We had a quiz
This has been added to the lecture 7 notes.
Semaphores work well for the common design patterns (signalling, resource allocation, and mutual exclusion), but semaphore code becomes difficult to reason about as the size of the code or the complexity of the synchronization pattern grow.
To determine how the semaphore is supposed to work, you need to look at all of the code that calls P() or V(), and reason about the order in which those calls happen. It is hard to answer the question "what do I know about the state of the world" right after V returns.

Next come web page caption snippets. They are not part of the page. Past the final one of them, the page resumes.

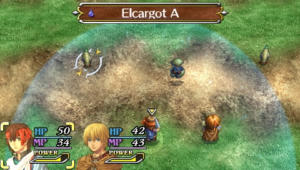 The Legend of Heroes A Tear of Vermillion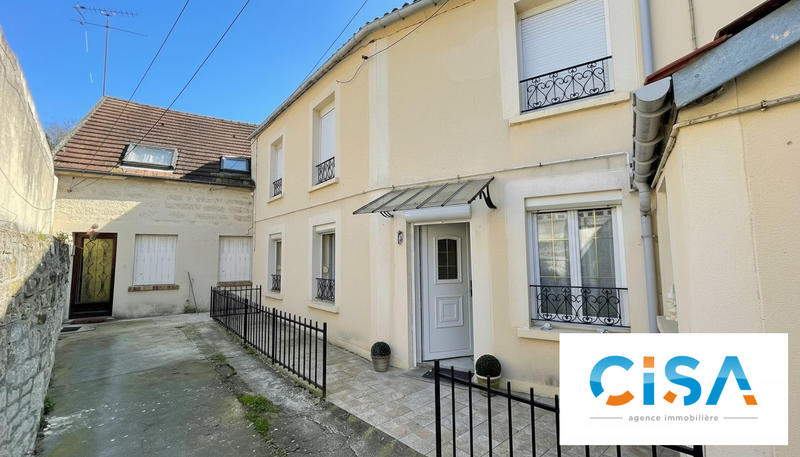 Maison - 65 m² - 3 pièces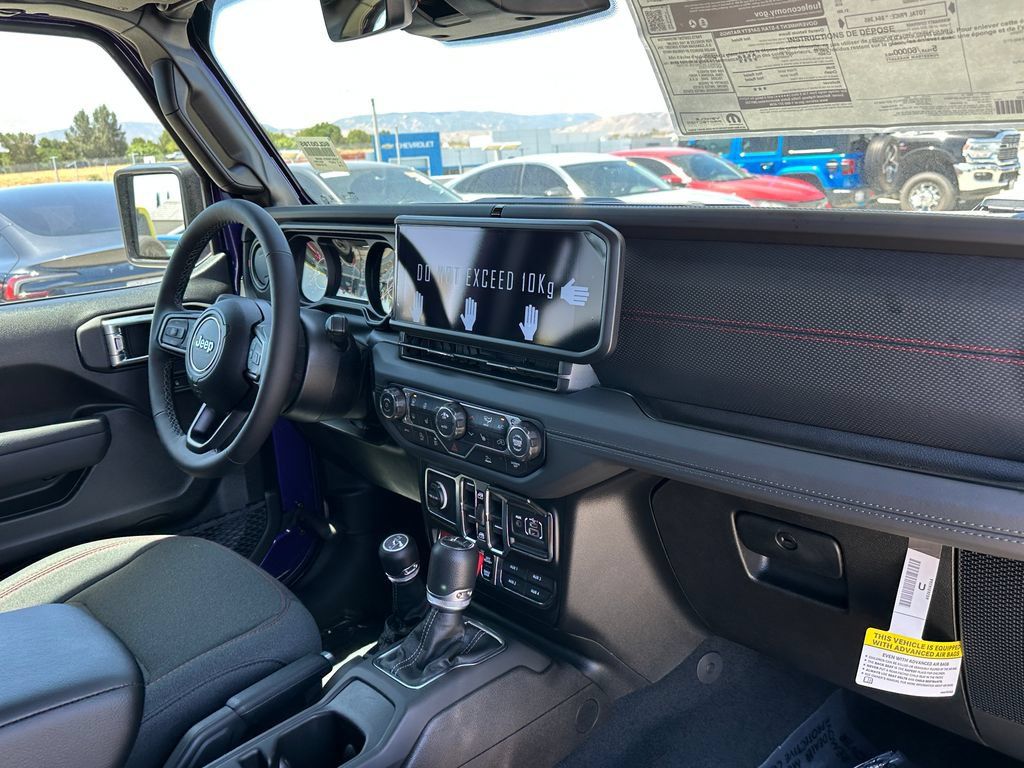New 2026 Jeep Gladiator Mojave AWD/4WD image 12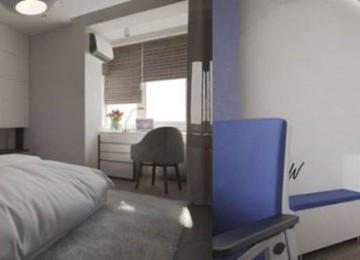 Современный дизайн спальни 18 кв. м: свежие идеи, практичные решения (116 фото)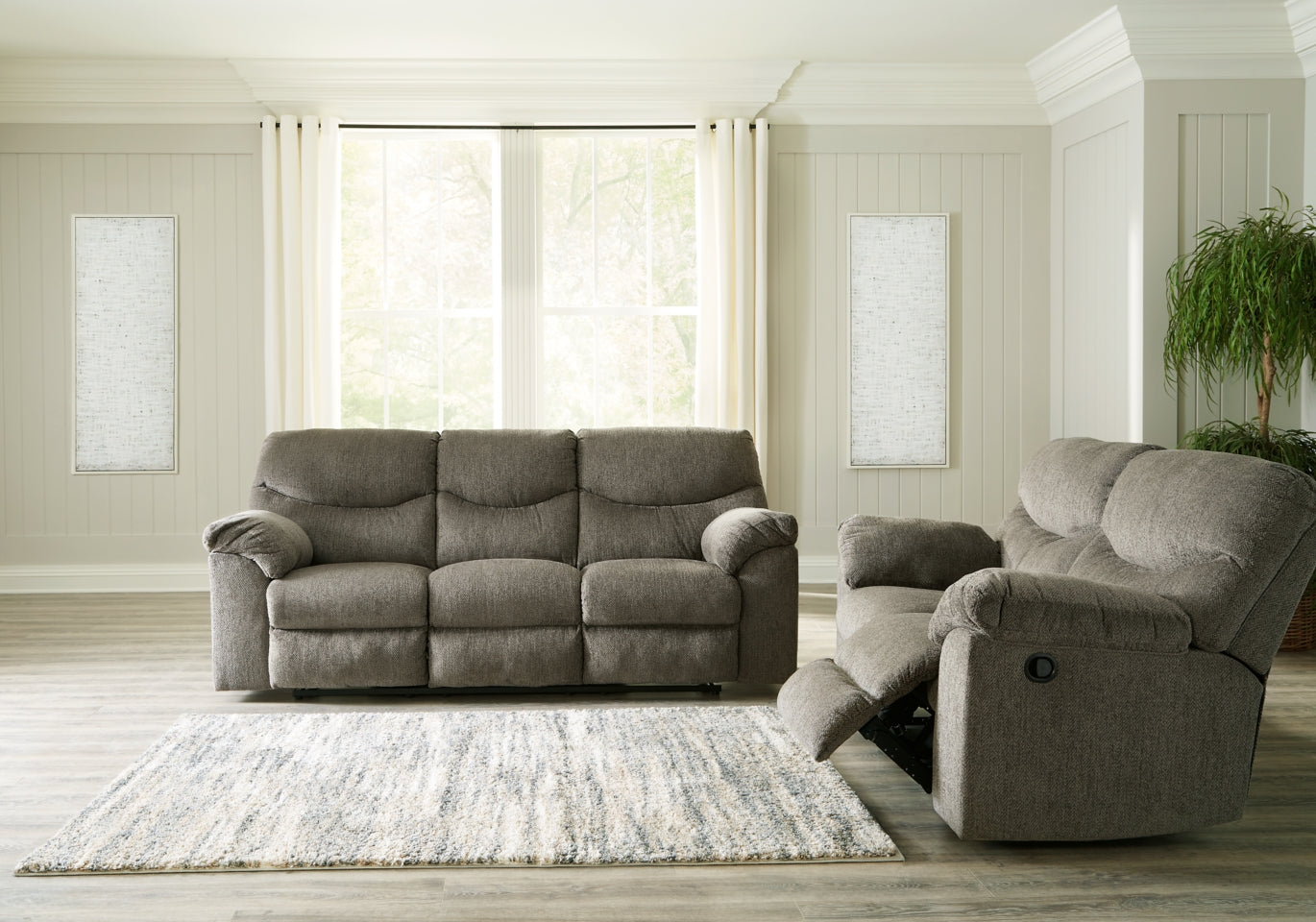 Alphons Sofa, Loveseat and Recliner - MyWaynesHome #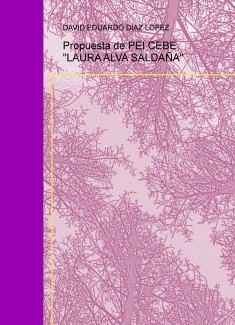 Propuesta de PEI CEBE "LAURA ALVA SALDAÑA"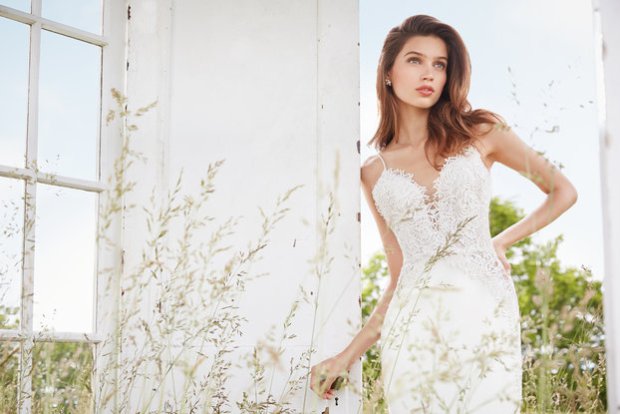 Fantasia Bridal Center — historical photograph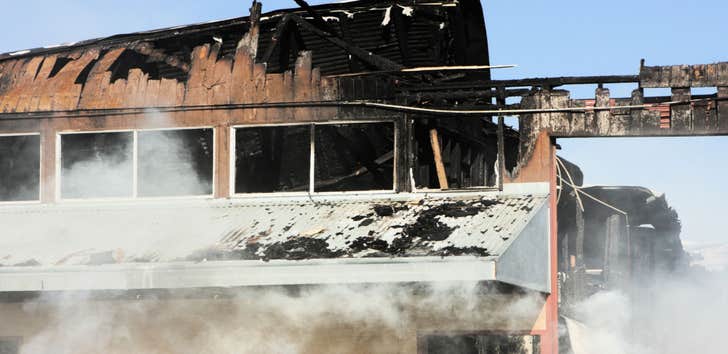 Port City Smoke Damage Experts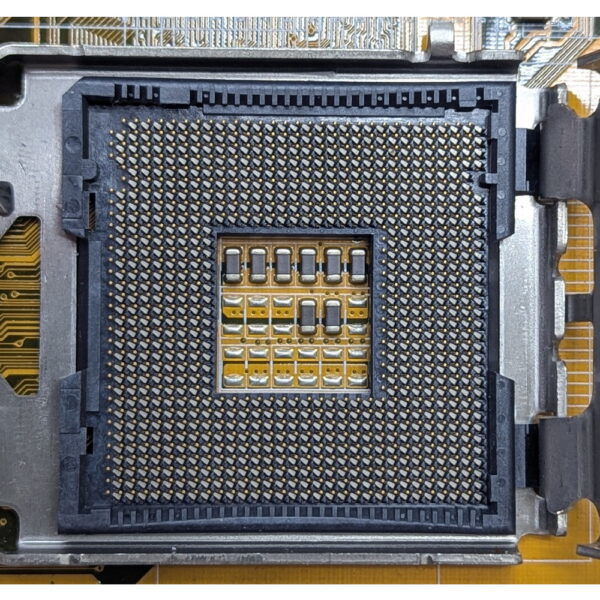 Материнская плата P5GV-MX, Asus, Socket LGA775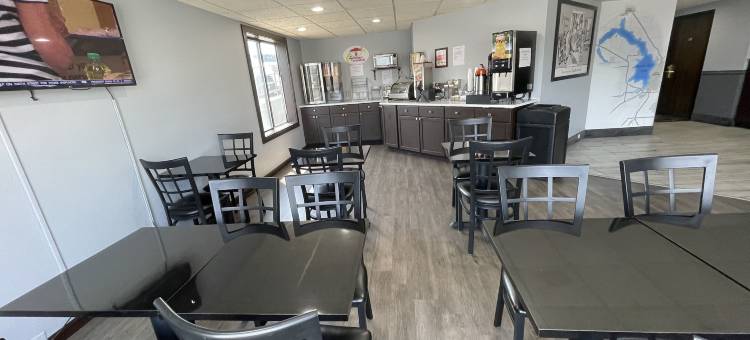 比弗大坝速8酒店(Super 8 by Wyndham Beaver DAM)图片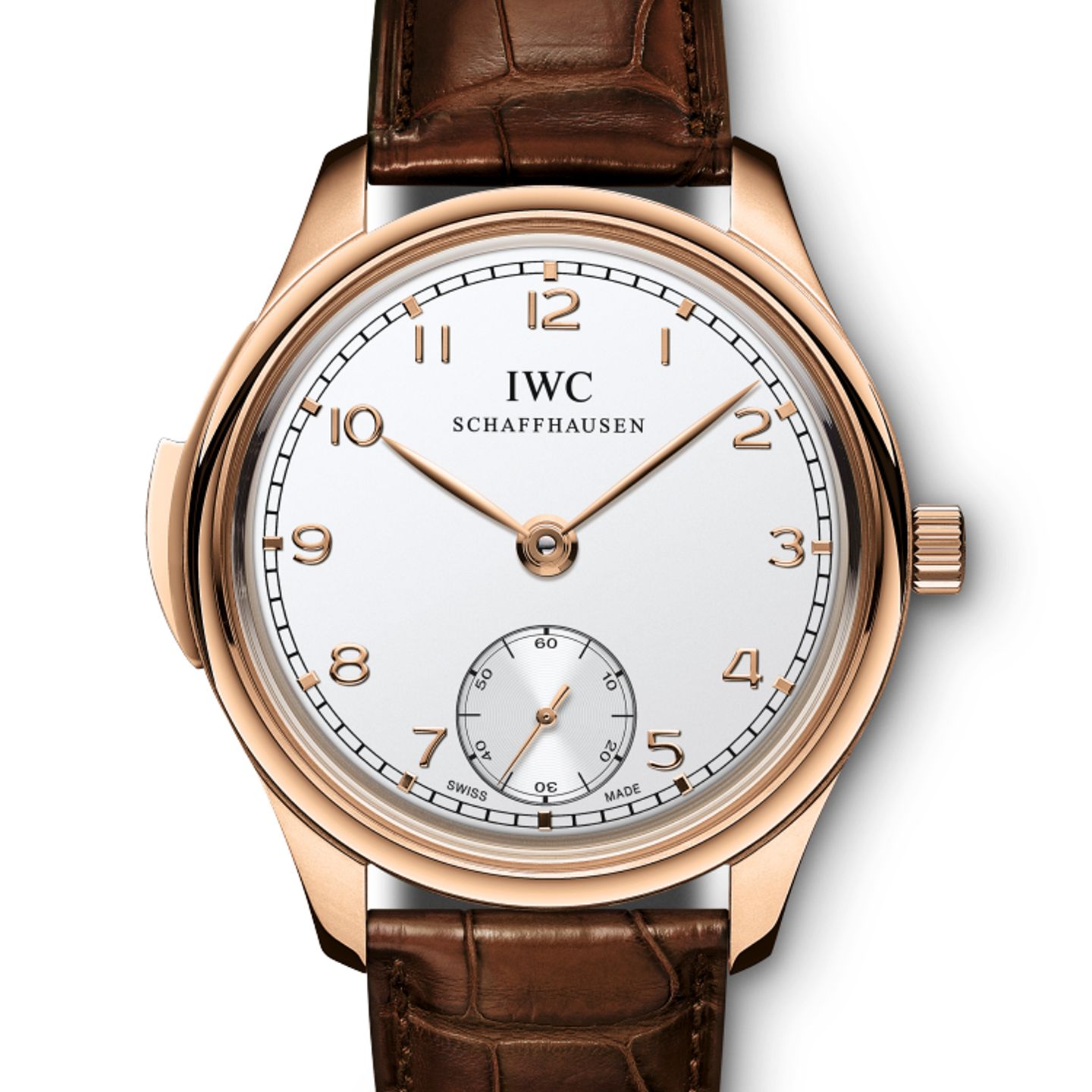 IWC Portuguese Minute Repeater IW544907 - (1/1)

Monitors are a design pattern that are much easier to reason about: they make the changes to the state and the conditions that you are waiting for much more explicit.
The initial design for monitors (Hoare style monitors) imagine that the programming language implementation provides primitives for mutual exclusion and blocking.
A monitor is like an Object (in the object-oriented programming sense): it has some private internal state (member variables) and some methods.
monitors differ from ordinary objects in that only one thread can execute a method on a given monitor at any time.
monitor methods may wait for the local variables to satisfy a certain condition (predicate)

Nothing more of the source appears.